**EXERCISE MATERIAL:**
┄┄┄┄┄┄┄┄┄┄┄┄┄┄┄┄┄┄┄┄

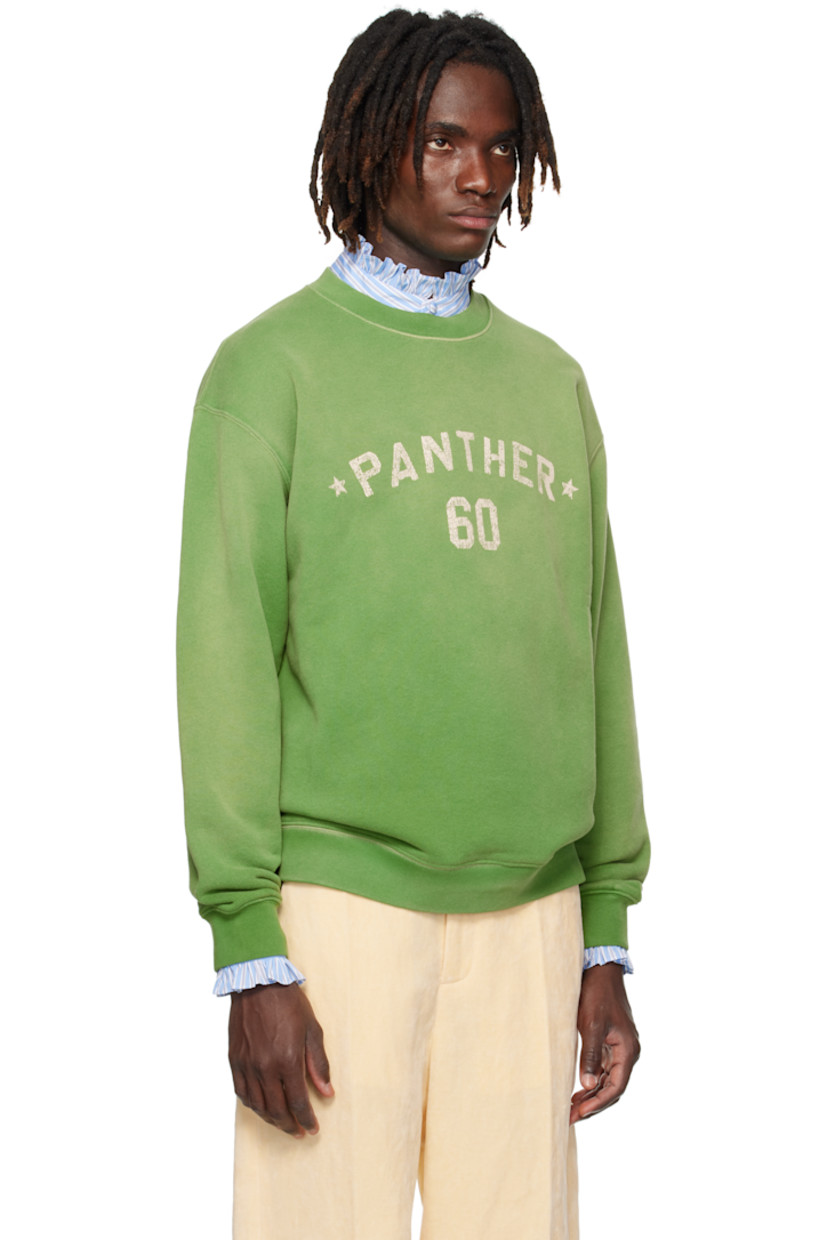 Cotton French terry sweatshirt.

· Fading throughout
· Rib-knit crewneck, hem, and cuffs
· Text printed at chest
· Dropped shoulders
· Logo appliqués at back

Supplier color: Laurel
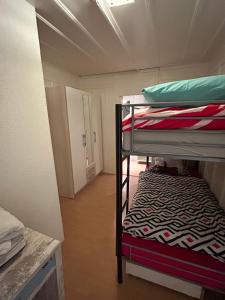 Poschodová posteľ alebo postele v izbe v ubytovaní Maison Merz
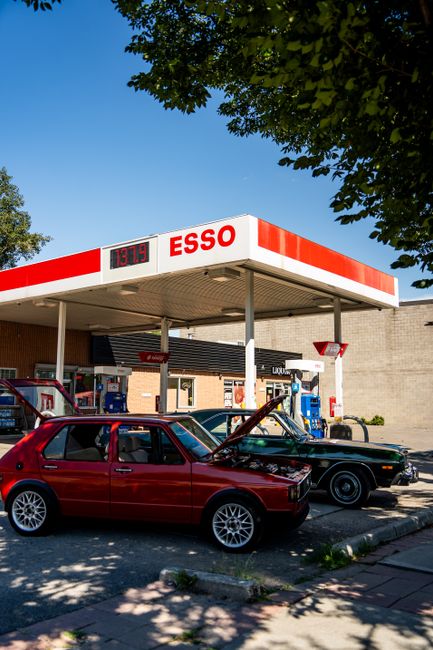 A bright, sunny day at a petrol station with an ESSO canopy displaying an electronic price sign showing fuel prices. Two cars are parked at the pumps: a red hatchback with a slightly open bonnet and a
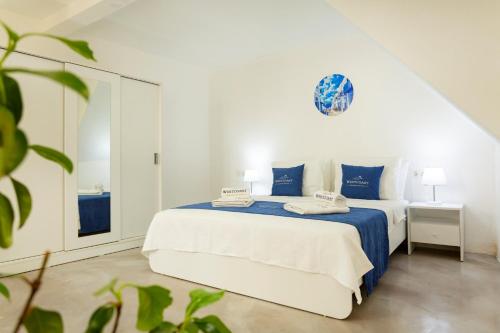 a white bedroom with a blue and white bed at Westcoast Kalkan Suites 1-bedroom suite located heart of Kalkan Old Town in Kalkan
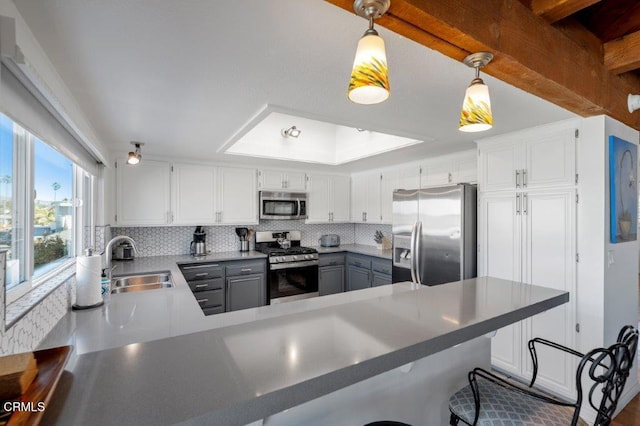 kitchen with decorative backsplash, gray cabinets, a peninsula, stainless steel appliances, and a sink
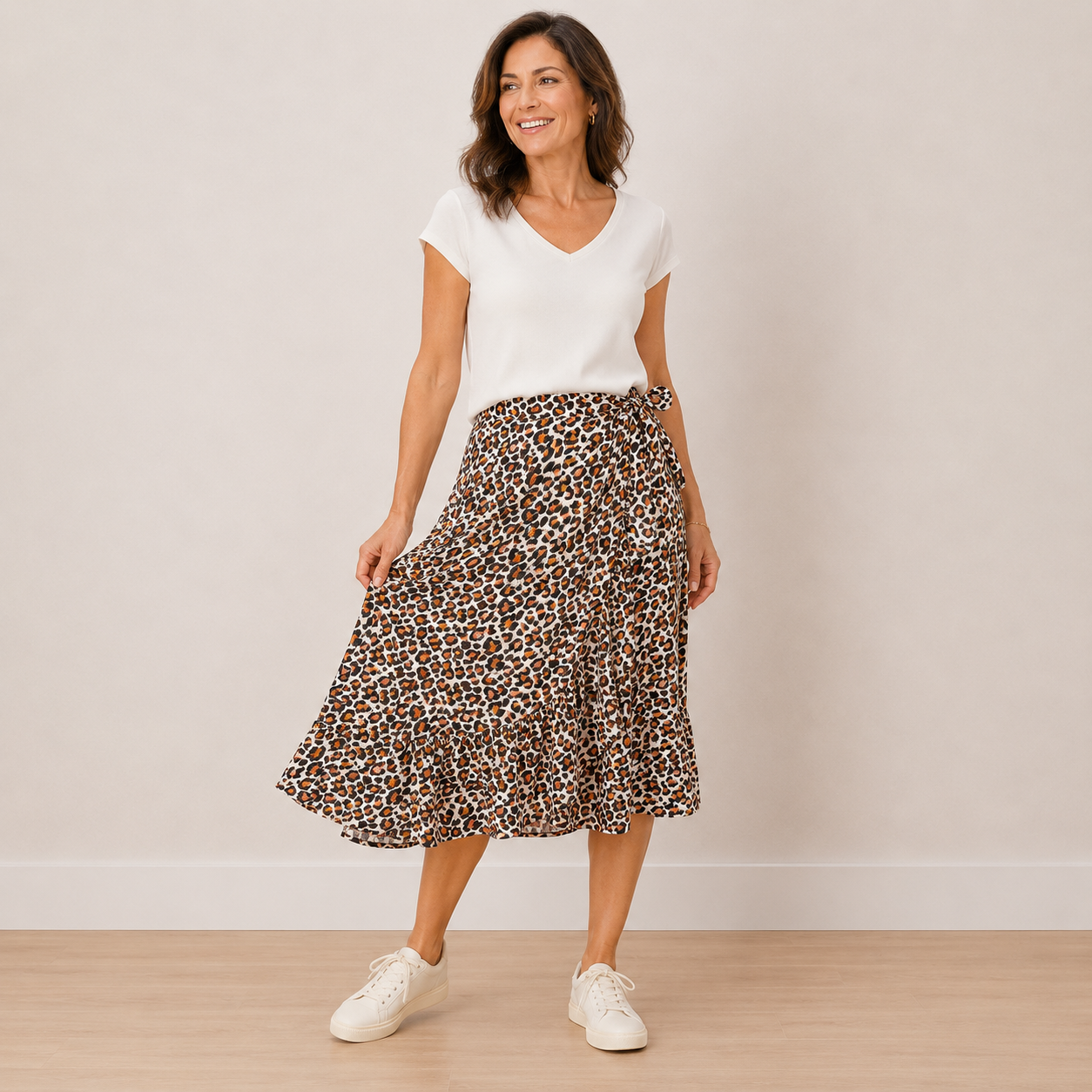 A woman modeling a white short-sleeve V-neck top and a brown leopard-print midi skirt with white sneakers, standing against a plain beige wall.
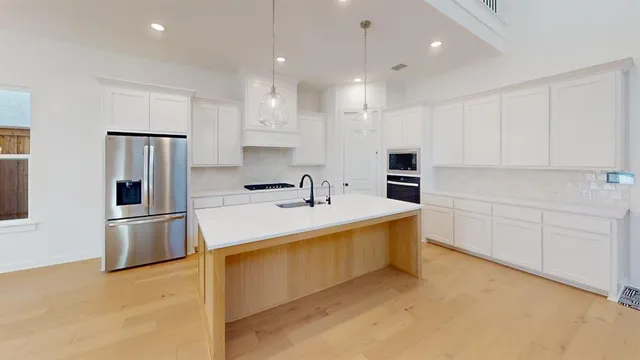 a large kitchen with stainless steel appliances granite countertop a sink a stove a refrigerator and white cabinets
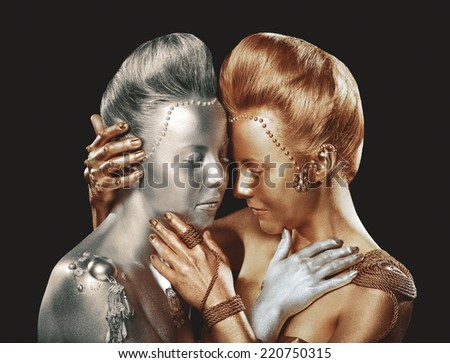 Gilt and silvered. Coloring. Two embracing Women with Paintbrush. Golden and silver Makeup.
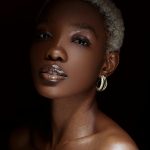 A black woman with natural makeup and a short haircut style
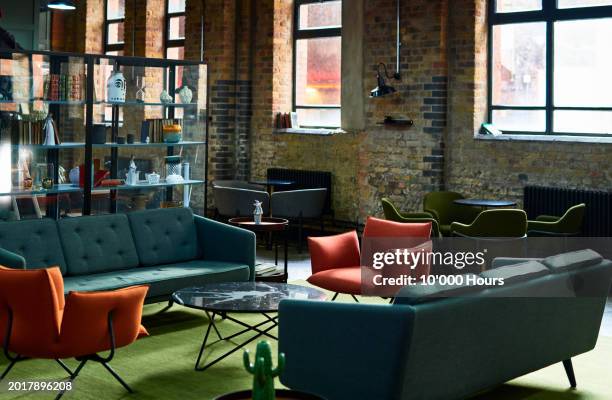empty co-working space with sofas - coworking foto e immagini stock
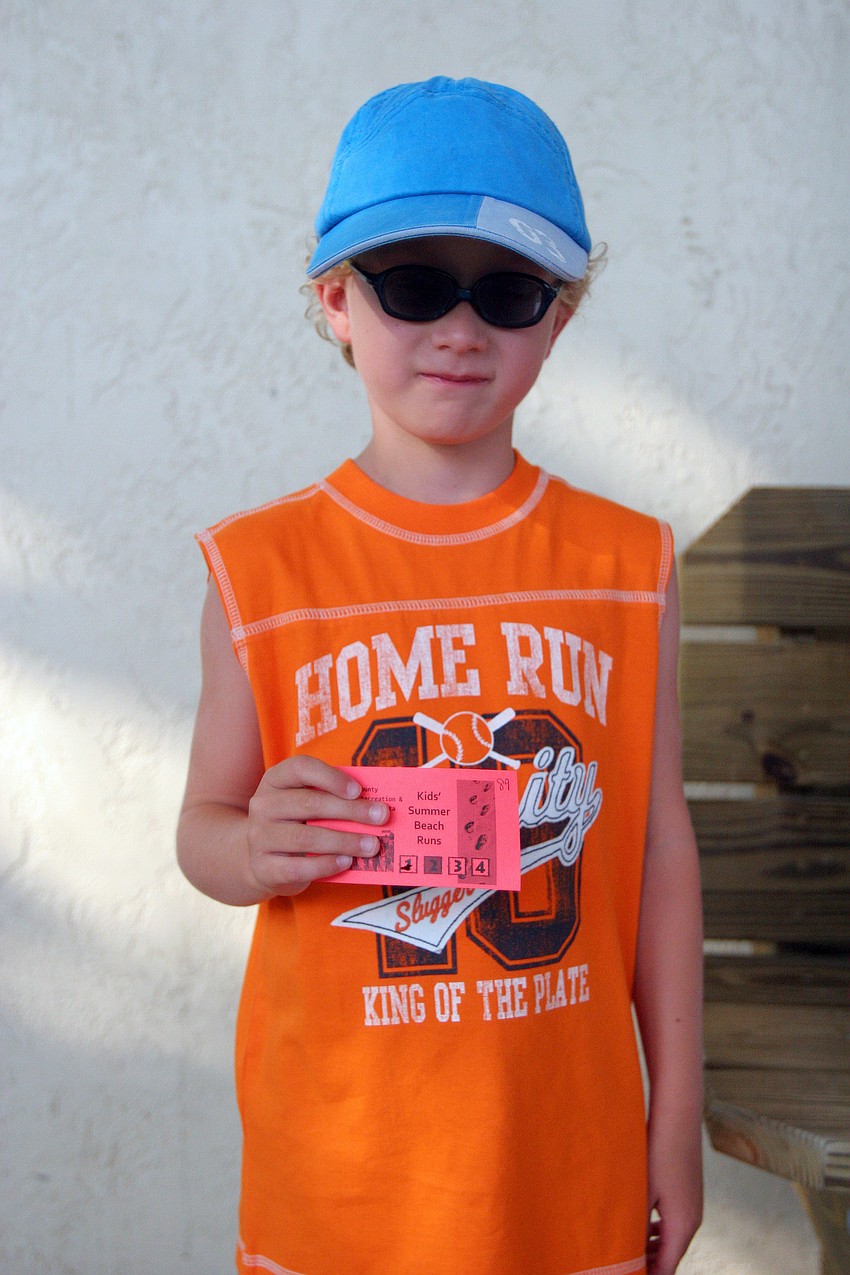 Tim Kuehn, 6, from Germany, shows off his Kids' Summer Beach Runs ticket prior to being in the 1-mile fun run Tuesday, June 14 on Siesta Key Beach. Once a participant completes four of the ten runs they receive a t-shirt.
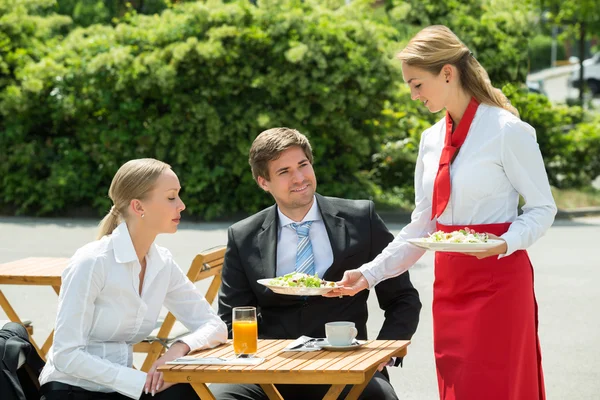 Cameriera che serve cibo agli uomini d'affari — Foto Stock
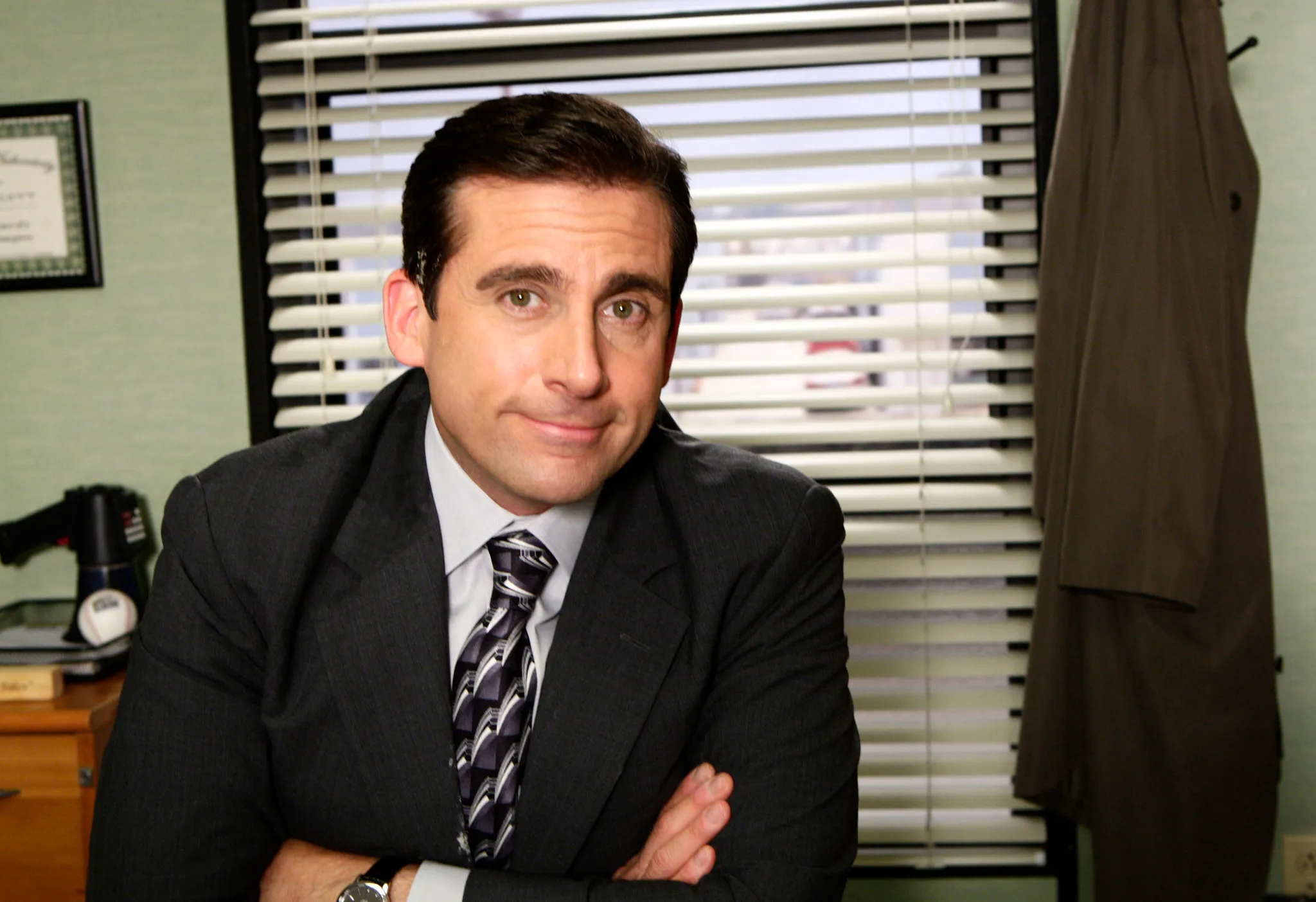 Michael Scott from The Office, seated at his desk with arms crossed and a slight smile, a fictional character to low-key envy.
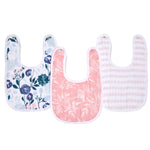 Displayed are aden + anais essentials cotton muslin snap bibs: the left features blue/pink floral patterns, the middle is pink with a white bird and botanical design, and the right has pink/white stripes.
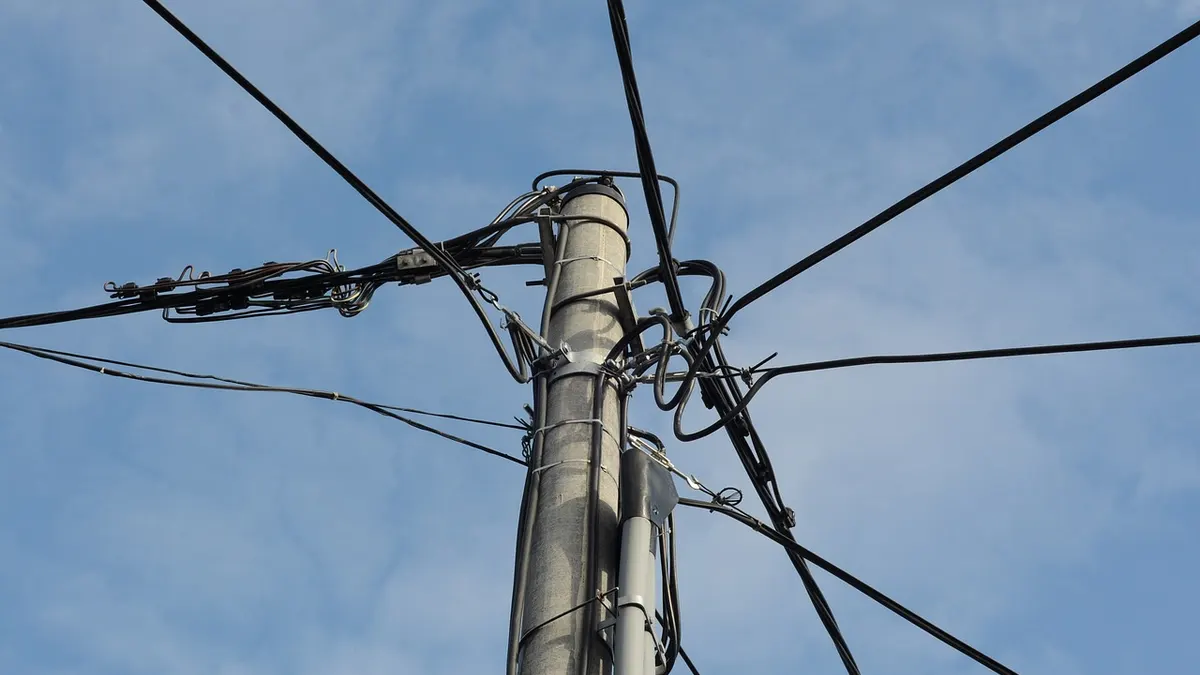 Poste de energia com fios elétricos contra o céu azul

┄┄┄┄┄┄┄┄┄┄┄┄┄┄┄┄┄┄┄┄

**EXERCISE PROMPT:** Give back, exactly as written, the lines from the top of the material through the line with "kitchen with decorative", ends included and pictures left aside.

**OUTPUT OF THE EXERCISE:**
 Cotton French terry sweatshirt.

· Fading throughout
· Rib-knit crewneck, hem, and cuffs
· Text printed at chest
· Dropped shoulders
· Logo appliqués at back

Supplier color: Laurel
 Poschodová posteľ alebo postele v izbe v ubytovaní Maison Merz
 A bright, sunny day at a petrol station with an ESSO canopy displaying an electronic price sign showing fuel prices. Two cars are parked at the pumps: a red hatchback with a slightly open bonnet and a
 a white bedroom with a blue and white bed at Westcoast Kalkan Suites 1-bedroom suite located heart of Kalkan Old Town in Kalkan
 kitchen with decorative backsplash, gray cabinets, a peninsula, stainless steel appliances, and a sink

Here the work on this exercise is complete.